You ready for this? That day just happened for the Denver Nuggets, a team that’s yet to win a championship in its 50-year existence. The Nuggets are suddenly on their way to winning their first-ever NBA title. Mark it down.
Yesterday, it was reported that the Nuggets were going to decline their team option to extend center Nikola Jokic’s existing contract, opting instead to make him the cornerstone of the franchise with a max-money deal. Jokic and the team are expected to come to an agreement that will pay the 23-year old Serbian $146.5 million over the next five years. Tim Connelly just shoved all of his chips into the center of the poker table.
Game on, Joker.
But is Jokic a cornerstone player? Is he worth $146.5 million?
The answer: We don’t really know.
That’s the truth. We know he’s one of the most gifted big men in the game when it comes to passing and running an offense. We know he’s got silky smooth touch around the basket. We know he can shoot from beyond the arc when required. We know he’s a double-double machine and has no problem tacking up a triple-double from time to time.
We also know he’s not a great defender. We’re not sure if he can become an “alpha male” superstar or simply just a really, really good player. We know that if the Nuggets hadn’t signed him for that kind of dough, someone else gladly would have – hey, that’s just the cost of doing business in the modern NBA. We know that Jokic is just 23, too.
Here’s what we can definitely surmise about the Nuggets decision to commit to Jokic though: They had to.
We might not know if Jokic will truly end up being a cornerstone player, or if he’s worth the money, but we can be confident in knowing that he’s the closest thing the Nuggets have at this very moment. And in the NBA, there’s no time like the present. The Nuggets boldly picked a path and now they’re on it, traveling warp speed (we hope) toward an NBA championship. Kudos to Tim Connelly for understanding exactly where the Nuggets are and where they’re headed, or, at least, need to be heading.

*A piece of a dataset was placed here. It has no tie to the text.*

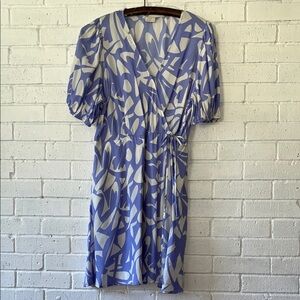 A New Day Lavender White Mini Faux Wrap Dress w/Tie Puff Short Sleeve  Pockets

You know what else we know? It takes more than one star to win a title these days. That’s been proven over and over as of late (just ask LeBron James.)
The roster of an NBA team in search of a title is a little like a grocery list. General managers must go aisle-by-aisle, carefully selecting the ingredients for the perfect meal. But it’s harder than grocery shopping – not everything is there when you need it. Credit Connelly for crossing one item off the list – Jokic.
What’s nice, and getting back to why it’s been a five-day stretch that we can identify as “the day” the Nuggets became a title contender, is that the current roster potentially possesses one, two, possibly three other necessary components.
Start with last Thursday’s NBA draft. Michael Porter Jr. could very well be the star – as in the kind of star championship teams all have. Kobe. LeBron. Steph. That kind of star.
That’s a bold proclamation for a kid who’s played all of three college basketball games. But prior to getting hurt, that’s the type of pedigree we’re talking about with Porter Jr.
Food for thought: Out of high school, Porter Jr. was the Gatorade and Naismith National Player of the Year and was named the McDonald’s All-American Game MVP. If that sounds impressive, it should; the only players ever to accomplish that same feat were Dwight Howard, LeBron James, Chris Webber and Alonzo Mourning. Not bad company. In fact, it’s the kind of company capable of taking a team to the NBA Finals. In total, those four players tally 34 NBA All-Star Game appearances and four championships.
What about Jamal Murray? It’s tough to say what kind of star he can be, but it’s not inaccurate to say that he’s been compared to Steph Curry at similar stages in their careers. Achieving Curry’s MVP status would be lofty, but at 21-years old, it’s still a possibility for Murray.
Let’s say that – realistically – Paul Millsap is a nice piece now, but likely wouldn’t be a part of the Nuggets team that eventually gets over the hump (let’s call that three, possibly four, years out – two at the absolute luckiest minimum). Millsap the player may not be present for that eventual, glorious run, but the money he commands will be. The timing of Millsap’s salary coming free is right in line with Jokic being a seasoned veteran All-Star, Murray becoming (or already being) a superstar, and possibly Porter Jr. being known around the league as the “next” star. With the money being paid to Millsap available, the Nuggets – on the verge of a title – can go sign whatever superstar wants to go somewhere to win a title.
And that somewhere is Denver.
And the day it became Denver was yesterday.